Microsoft in Education

Over a decade ago, Microsoft founder Bill Gates launched a daring initiative to put computers and free internet access in every library across the United States. The Bill and Melinda Gates Foundation followed that up with programs that put computers in schools. Today, Microsoft is taking that spirit of learning and philanthropy even further with several programs geared toward providing students, teachers and administrators with the tools they need to deliver a more effective education.

Microsoft takes on the classroom

One of the problems many parents have with allowing their kids to search online is the proliferation of ads. These ads seem to pop up on every page, complete with eye-catching graphics that pull attention away from the subject at hand. Bing for Schools offers a solution to the problem with search engines that are free of advertisements, have augmented privacy protections for kids and strict filtering to block out adult content.

Reuters reports that the free program also offers students an opportunity to earn points with every search, which can then be redeemed for free Surface tablets for their school district. In addition, schools don't have to be enrolled in Bing for Schools to earn the Surface tablets -- anyone can sign up for Bing Rewards and donate their credits to any school system they choose, according to Bing Blogs.

Bing also helps teachers introduce digital literacy into the classroom with daily lesson plans. These free plans are aligned with Common Core standards and offer questions that students can answer through the use of search tools. Three plans are offered each day, one each for K-4th, 5th-8th and 9th-12th grade students.

Microsoft Office 365 for Education is a product that seeks to connect teachers, students and administrators in a simple and straightforward format. Office 365 includes email, document sharing and storage, web meetings and other tools that allow school districts, colleges and universities to modernize their communications. The program connects social media platforms in one place, offers email free from ad scanning and provides cloud storage and sharing for those within the organization or outside of it. Free trials are available, and college students can expect discounts on the program.

In addition to these programs, Microsoft offers constantly updated tools for teachers and students at Microsoft in Education. Here educators can explore new programs and products, tap into a variety of online resources, find discounts on hardware for schools and engage in leadership and training programs.

Microsoft founder Bill Gates, holding to his belief that investment in digital tools can help solve the world's education problems, has joined forces with education nonprofit Common Sense Media to launch Graphite, an online resource for teachers. The plan is to make tested, evaluated, reviewed and proven online resources available to K-12 teachers at no cost. These free resources include digital curricula, games, applications and links to other helpful sites, according to CNET.

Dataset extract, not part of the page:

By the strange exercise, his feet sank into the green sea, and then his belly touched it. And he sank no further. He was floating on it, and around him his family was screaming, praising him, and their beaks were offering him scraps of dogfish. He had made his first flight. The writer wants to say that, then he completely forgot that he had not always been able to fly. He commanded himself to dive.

According to Graphite, over 55,000 schools currently use the programs offered by the site. The goal is to help teachers cut through the clutter of online teaching tools and find the ones that truly work for students. This is achieved by unbiased ratings from a team of professional educators.

Other educational happenings from Microsoft

Though Microsoft and the Gates Foundation are two separate entities, both are dedicated to keeping teachers and students on the cutting edge of education. In addition to Microsoft's new offerings in the education space, Gates has launched the College Knowledge Challenge, a 2.5 million dollar fund dedicated to creating applications that help college students apply, attend and stay in college. The program kicked off with a "hackathon," a competition designed to push creativity in creating applications, which was hosted by the Gates Foundation and Facebook.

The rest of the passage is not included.